Having worked in renewables for about 15 years, Bateman understood how long it can take to deliver a product or new service. “If your target price is linked to the current market price, you’re always going to be playing catch-up,” he says. “That’s what informed the spin-off of our business Clean Technology Controls. We knew if we kept doing what we were doing that we would have to step away from that market.”

Bateman says CTP has clocked up more than 1,500 projects, contributed to more than 2.5GW of clean energy generation and delivered 150MWh of storage.

Instead of looking for simple ways to grow, a company can always take the route of pitching for harder nuts to crack and charge an appropriate premium. An example in CTP’s book is its e-Cube product, where it spied an opportunity to supply a turnkey grid-connection solution for utility-scale solar clients.

For solar projects up to 5MW the e-Cube solution offers a counterbalance to ever more complex grid-connection study requirements by the Australian Energy Market Operator.

CTP’s e-Cube solution for utility-scale solar clients.

Utility-scale early bird

Bateman says a great experience during the long solar ramp-up over the past few years was working with SunSHIFT, a company that deployed rugged portable PV systems to mining sites around the country. For CTP, it was a case of putting ambition to the test. “We were confident,” he says. “We backed ourselves.”

It wasn’t the first time. CTP was involved with the first utility-scale solar farm that connected to the NEM: the 3.5MW Mildura Solar Farm, which predated the 20MW Royalla Solar Farm in the ACT by a few months, he says. “That was our entry into utility scale and also our entry into power system modelling, which is now about 40% of our business.”

CTP works on power systems connection studies for utility-scale wind and solar projects up to 100MW-plus and behind-the-meter projects as large as 10MW, he says. Among its portfolio of hybrid system projects is a large tourist destination off the coast of NSW where diesel is being replaced by a solar-and-storage system that will provide up to two-thirds of the island’s energy needs.

“I could reel off dozens and dozens of really high-profile projects we’ve been a key part of, but because we’re working a couple of levels down solving those engineering problems it’s not easy to get the relevant approvals so we can talk about them,” he says.

CTP’s technical advisory work at the moment includes a 35MW project in Queensland, acting as commissioning managers on a 140MW solar plant in Victoria and working on solar assets in Queensland.

The next 10 years

It’s been a busy 10 years and the decade ahead will be just as fast-paced.

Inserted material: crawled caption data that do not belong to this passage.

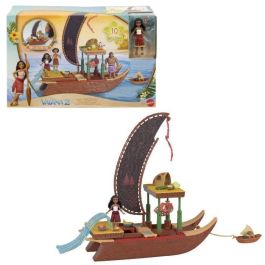 MATTEL JBT78 Canoa de Moana Juguete Disney Princess Precio: 53.49999996. SKU: B18P7HY5HJ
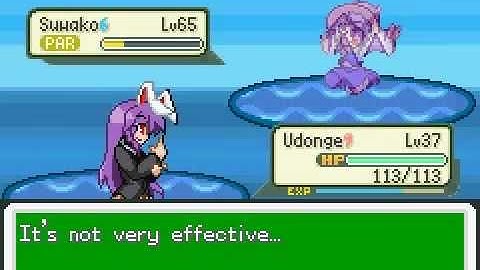 Touhou Puppet Play 1.8 Enhanced: Blue Suwako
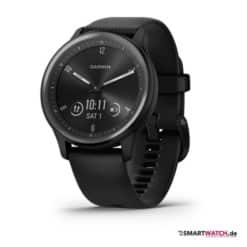 garmin vivomove sport schwarz schiefergrau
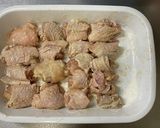 カリッとジューシーしょうゆ唐揚げ作り方3写真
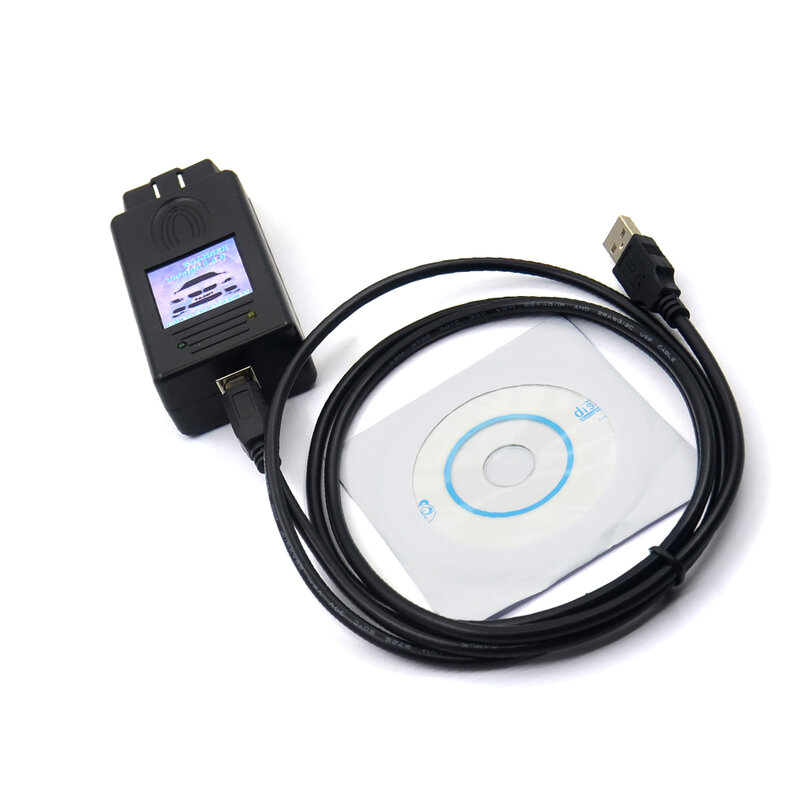 Диагностический сканер OBD2 для BMW 1,4, USB 2023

Is it a satisfying industry to work in? “I’m passionate about the industry; I see it as one of the most effective ways to have an impact on climate change – which is my starting point. But it’s quite tough to be commercially successful. That’s why the 10-year anniversary is such a milestone for us, to be honest.”

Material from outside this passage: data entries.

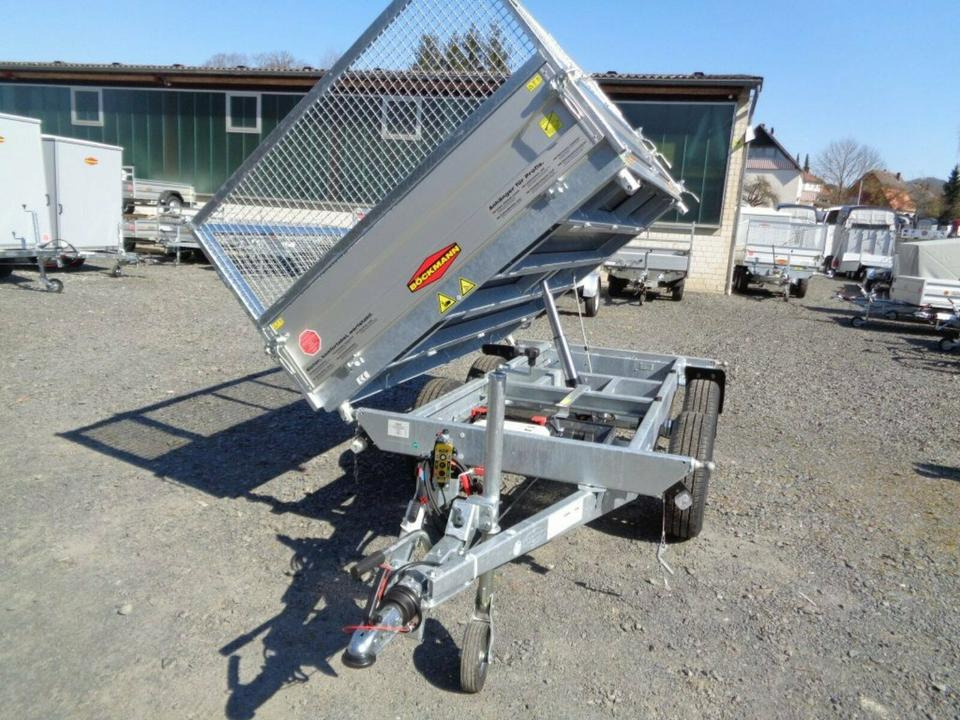 Böckmann PKW-Anhänger Elektro Dreiseitenkipper, 2,7 to - Самосвальный прицеп: фото 3 Böckmann PKW-Anhänger Elektro Dreiseitenkipper, 2,7 to - Самосвальный прицеп: фото 3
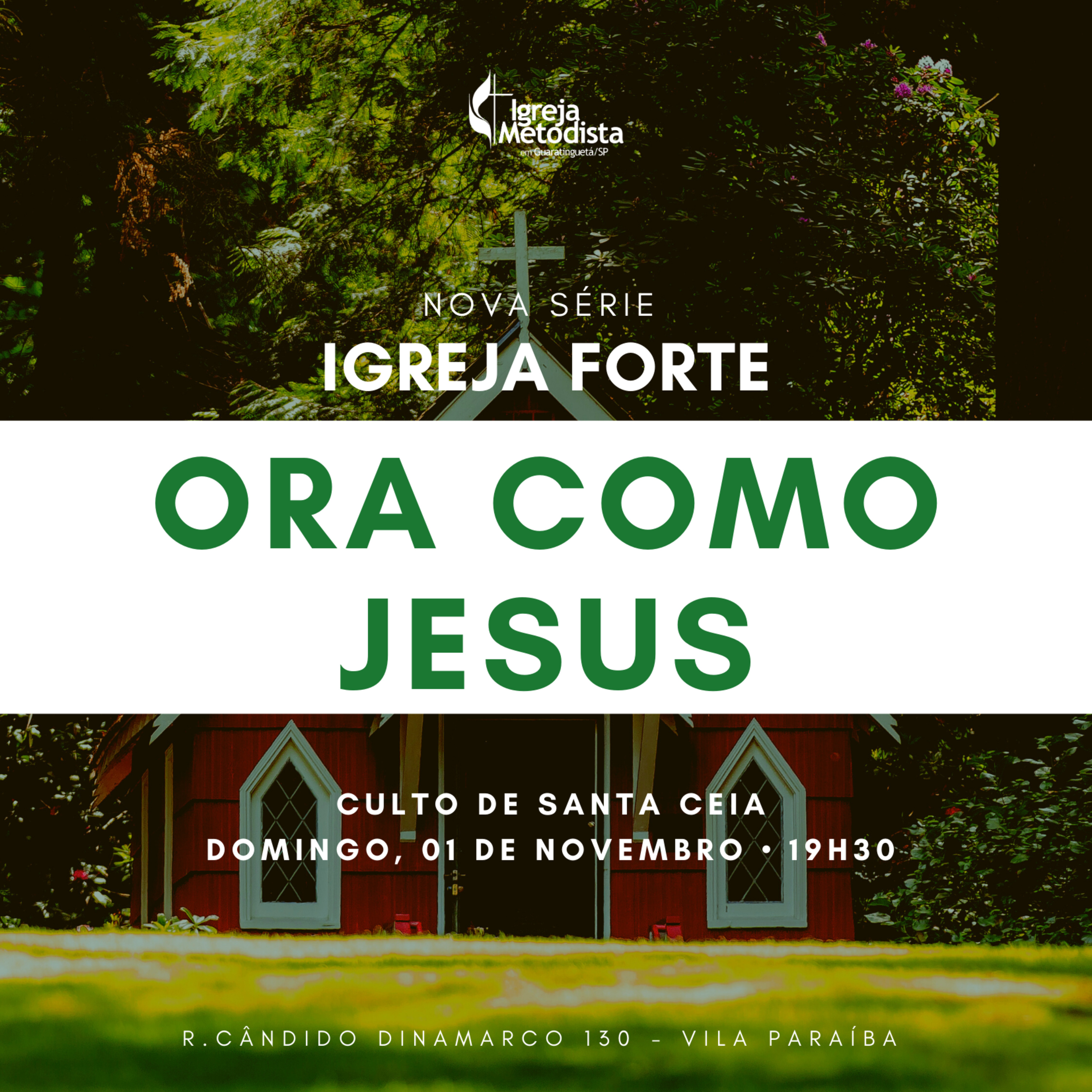 Igreja Metodista Guaratinguetá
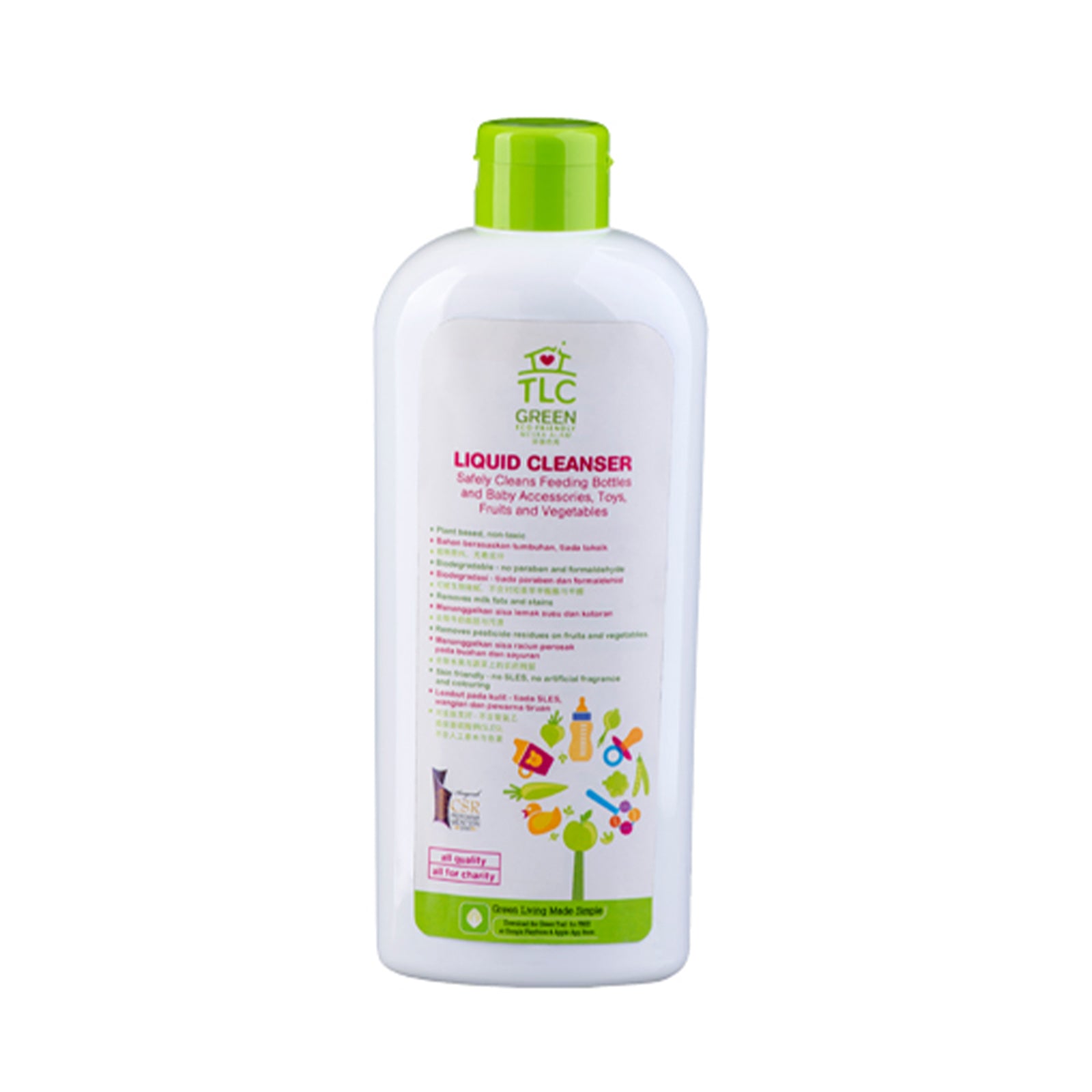 TLC Liquid Cleanser 750ml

With the development pipeline for energy storage recently outstripping the pipeline for solar (acknowledging that many of these projects will never be built), Bateman says the storage sector feels like the solar sector did about 10 years ago. “The demonstration projects have happened and we’re pretty close to seeing the first stand-alone energy storage projects that stand up in their own right,” he says.

For Bateman things feel a bit like they did when the first 30kW string inverter came out. “That was the point when rooftop C&I solar started to become commercial. I think we’re starting to see similar products start to come out in the C&I energy storage space.”

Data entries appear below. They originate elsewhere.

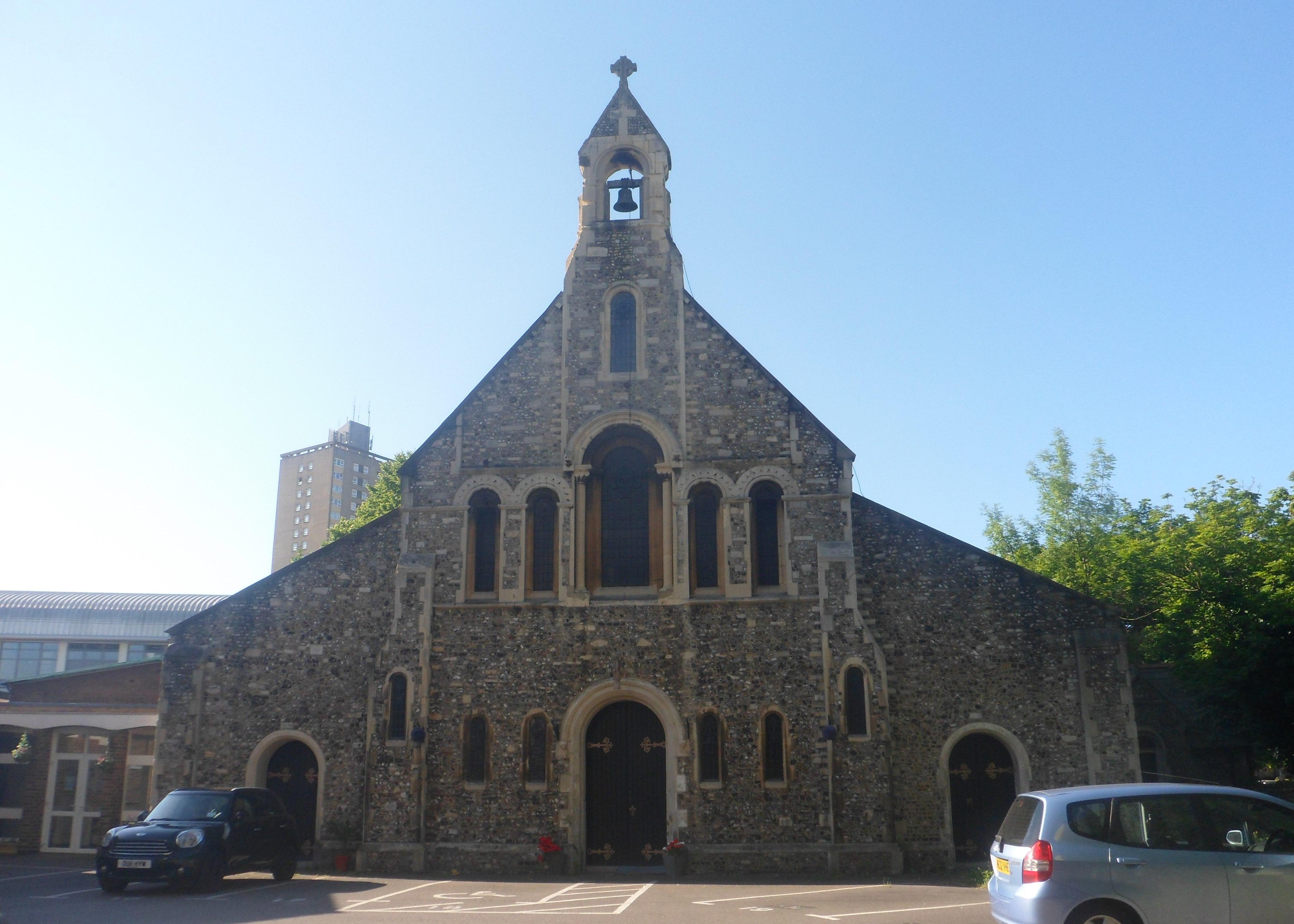 St Luke church, Southsea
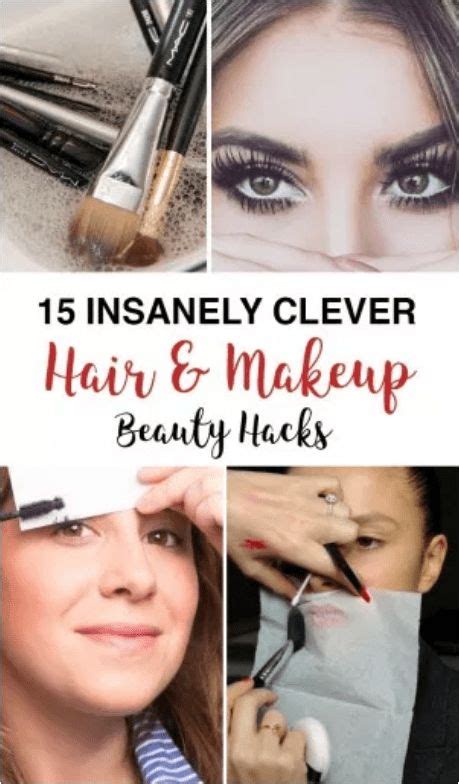 Insanely Clever Beauty Hacks For Hair And Makeup Society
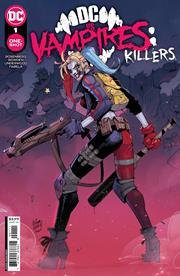 Dc Vs Vampires Killers #1 (one Shot) Cvr A Hicham Habchi DC Comics Comic Book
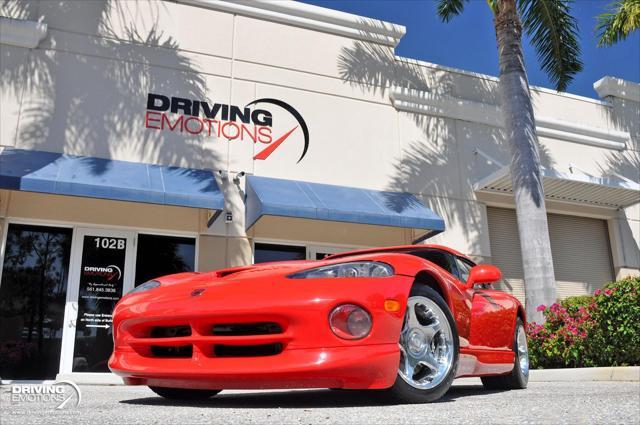 used 1998 Dodge Viper car, priced at $64,900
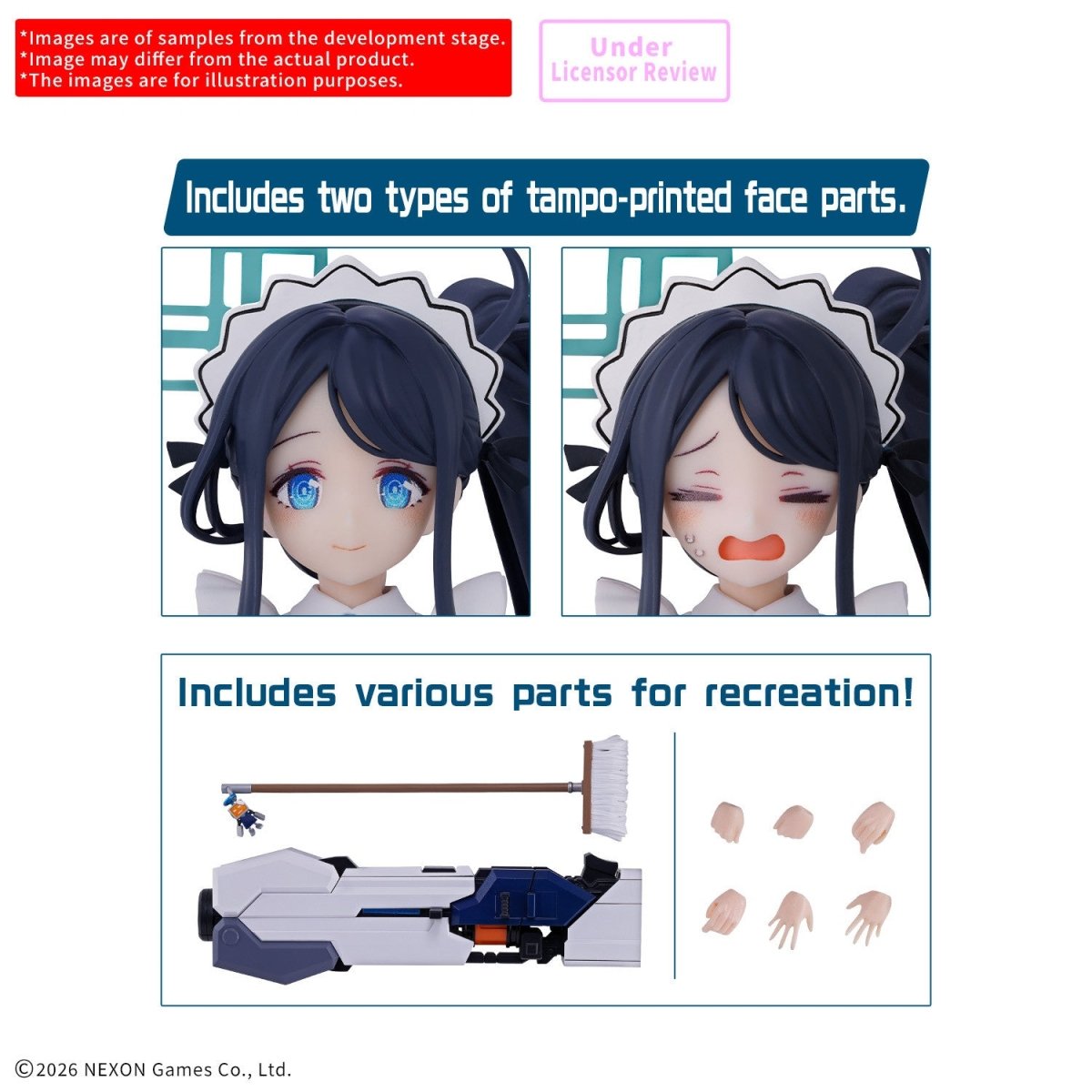 Bandai 1:144 30MP Aris (Maid) - MK84463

An interesting observation, which is an obvious niggling frustration for an engineer, is that connection regulations are less stringent for stand-alone storage assets as they are for those co-located with generation. “It strikes me from an engineering perspective that it would be more efficient to tie a battery to an existing asset, but there are quite a lot of impediments to that, it seems.”

The Melbourne-based company is currently working on large front-of-meter storage projects in two states. “It feels like 2021 is the energy storage equivalent of what 2013 was for solar.”